There is no greater obstacle to job creation in the retail industry than being forbidden from opening your doors to trade due to government regulation.
It remains the case that many states across Australia maintain complex and excessive layers of regulation concerning retail trading hours. The different legislation requirements for retailers throughout Australia proves problematic for businesses and often creates confusion for consumers.
The ACT and Northern Territory both have unrestricted retail trading hours, while NSW and Tasmania both have relatively low levels of regulation on when retail businesses can and can’t open. However, current legislation in Victoria, Western Australia, South Australia and Queensland are quite complex and in deep need of modernisation.
The Queensland Government recently announced that it will establish a reference group to consider how Queensland could address anomalies within the State’s complex retail trading laws. The review was instigated following a proposal from the government to make Easter Sunday a public holiday and I’m pleased to announce that the National Retail Association is one of the key stakeholders participating in the review.
While the NRA is open to the idea of allowing retailers across Queensland having the choice to open their doors on Easter Sunday, this should be done in conjunction with reform to the State’s Trading Act. It is already the case that some retail outlets in some parts of Queensland, are already able to trade on Easter Sunday, while others are not. Given the archaic nature of the current laws, it is entirely plausible that many Queensland retail outlets will remain closed unless corresponding changes are also made to the laws governing retail trade.

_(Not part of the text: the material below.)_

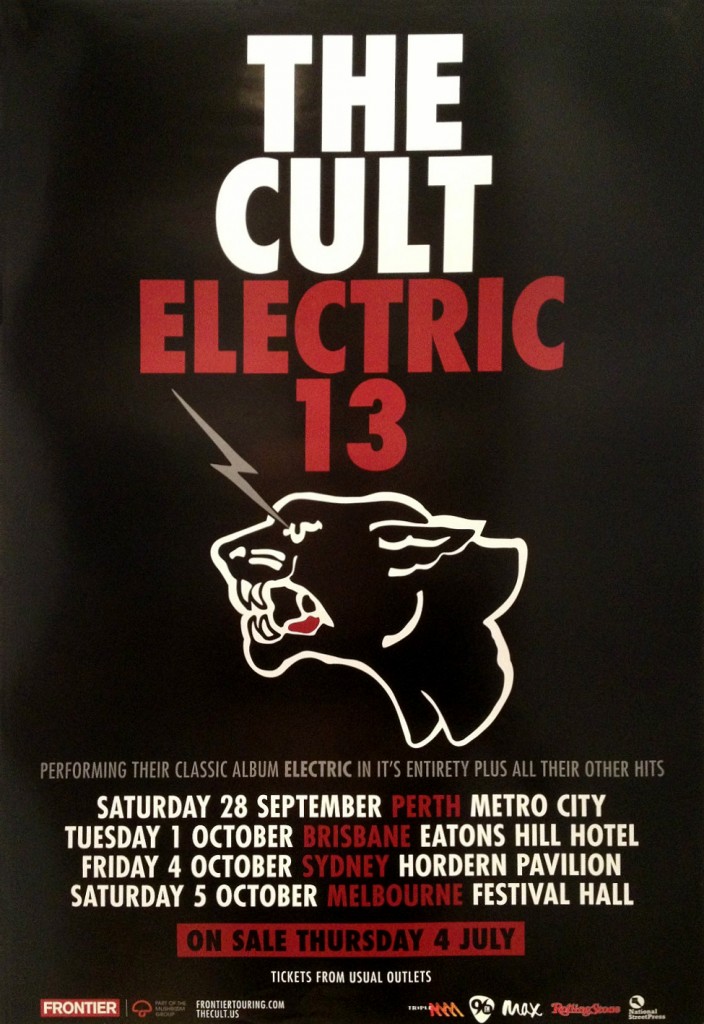 The Cult ‘Electric 13’ Australia Poster - 2013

The current system must be simplified and clarified in order to bring the legal framework into line with consumer needs and community standards. It is incredible to think that in Queensland there are in excess of 50 separate trading zones, each with different rules. We look forward to working with the Minister and other stakeholders to achieve reform that allows greater flexibility for retailers and that better serves the needs of Queensland consumers.
Not only does the NRA hope to play a constructive role with the Queensland Government on this issue, but we also hope this in turn provokes similar action in other states currently operating under rigorous and outdated legislation.
The NRA firmly believes that individual retail businesses are the one’s best placed to determine whether opening their doors for trade is in their interest or not. Retailers will always have a far greater understanding of consumer preferences than a bureaucrat within a government agency.
If progress is able to be made with respect to retail trading laws in Queensland, the NRA is hopeful that this will also lead to corresponding reform in other states that presently impose extensive regulatory burdens on retail businesses.